I recently heard a priest speak of a life-changing sabbatical experience in an Alaskan village church. A stranger to the community, he was not only warmly welcomed, but also invited into the life of the place in ways that tapped into his deepest, truest self as never before.

"They welcomed me with no thought of how I should fit in or how I might best serve some plan or program," the priest reflected. "Instead, they embraced me with the unstated expectation that my inclusion in the congregation's life would most certainly change not only me, but them."

Here was an instance, in other words, of radical hospitality. The stranger at the door welcomed as precious, transforming gift.

I found myself thinking of this Alaskan anecdote frequently as we put the finishing touches on this issue about younger adults and their desire to live lives of faith and meaning. Although the vast majority of the young people I encountered at NatGat 2000 had been brought up in the Episcopal Church or some other mainline denomination, most seemed to see themselves as church outsiders -- not as strangers at the sanctuary door, exactly, but certainly as newcomers. Perhaps as strangers within: people raised in the church, but now too old to be programmed as "youth," too young to have worked their way up the church-leadership pecking order and too culturally enigmatic to make meaningful conversation easy.

Not surprising, then, that much of this issue revolves around younger adults' search for sacrament and solidarity in an atmosphere where they feel fully welcomed and valued.

In the institutional church, such places are in short supply. We bemoan the graying of the church with head-scratching confusion about how to change the trend. We believe ourselves welcoming, but resist the requirements of radical hospitality.

I saw it in myself during NatGat and then in working on this issue with our NatGat editorial planning group. I wanted fewer theological clichés. I hoped for more radical activism. I was disappointed by recurring generalities and I yearned for more nuance.

In other words, I was looking for a level of maturity and experience I imagined necessary to meet The Witness' standards. These younger folks were not who I expected -- or, perhaps, hoped for.

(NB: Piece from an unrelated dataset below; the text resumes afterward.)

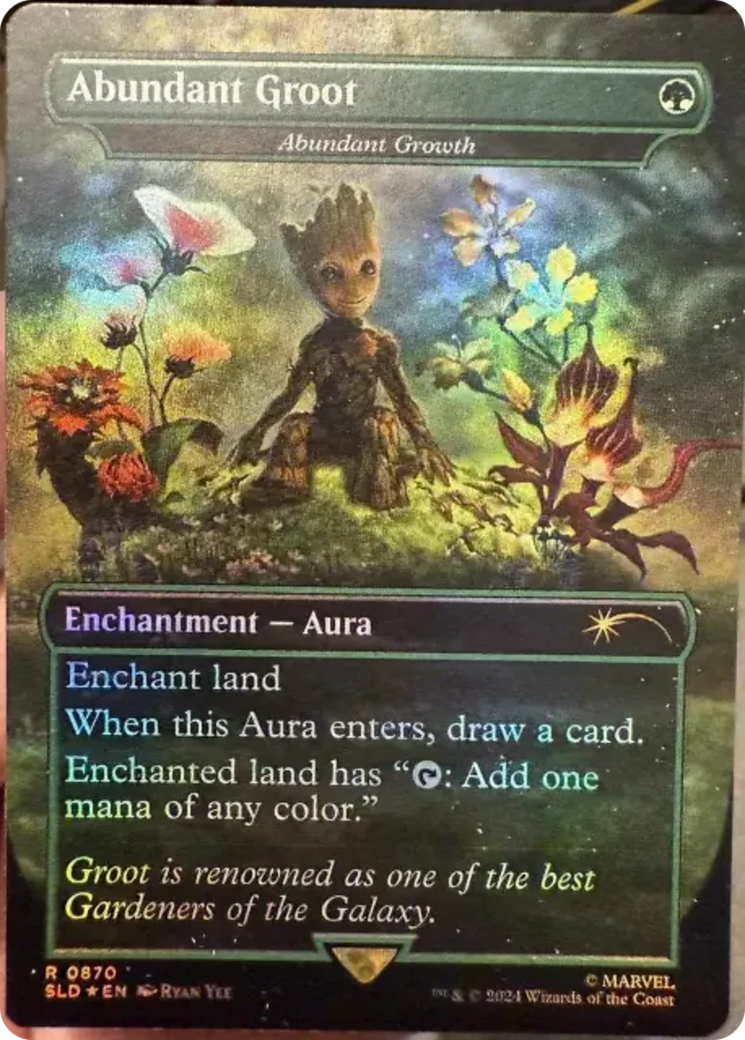 Abundant Groot - Abundant Growth (Rainbow Foil) [Secret Lair Drop Series] | Anubis Games and Hobby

Luckily, I hung in, uncomfortable as that proved to be. I was at first tempted to write off their desire for congruence between professed belief and lived reality as a déja vu task of the young. But, as I listened to them speak of their struggle to weigh lifestyle and career choices against a Gospel of liberating love, radical justice and simple living -- and in light of the difficult-to-ignore influence of parental and societal expectations -- I had to admit that by no stretch of the imagination could I say that I've "arrived." In fact, I frequently felt humbled by these younger adults' honesty and commitment. And envious of their deep understanding that, although there's a politics to everything, life is primarily about imagination. I also could see that in some ways they understand today's world much better than people my age do. I found myself wanting to hear more, not less, of what they had to say.

How often we ignore that respectful mutual relationships require self-effacing presence. The gathering's organizers recognized this and asked that participants -- especially the most likely offenders, the elders --agree to not arrive late or leave early. I confess that I arrived in Estes Park wishing I could do just that. If I had, I'd have preserved the self-deception that I had the busier and more important schedule, but lost any genuine idea of what NatGat 2000 and its participants were about -- and risked losing my own credibility.

And so, this issue of The Witness has turned out differently than I thought. My NatGat encounter has opened up possibilities and offered challenges -- gifts for which I am truly grateful.

My hope is that truly embracing her "strangers within" will do as much for the church.

Julie A. Wortman is editor/publisher of The Witness.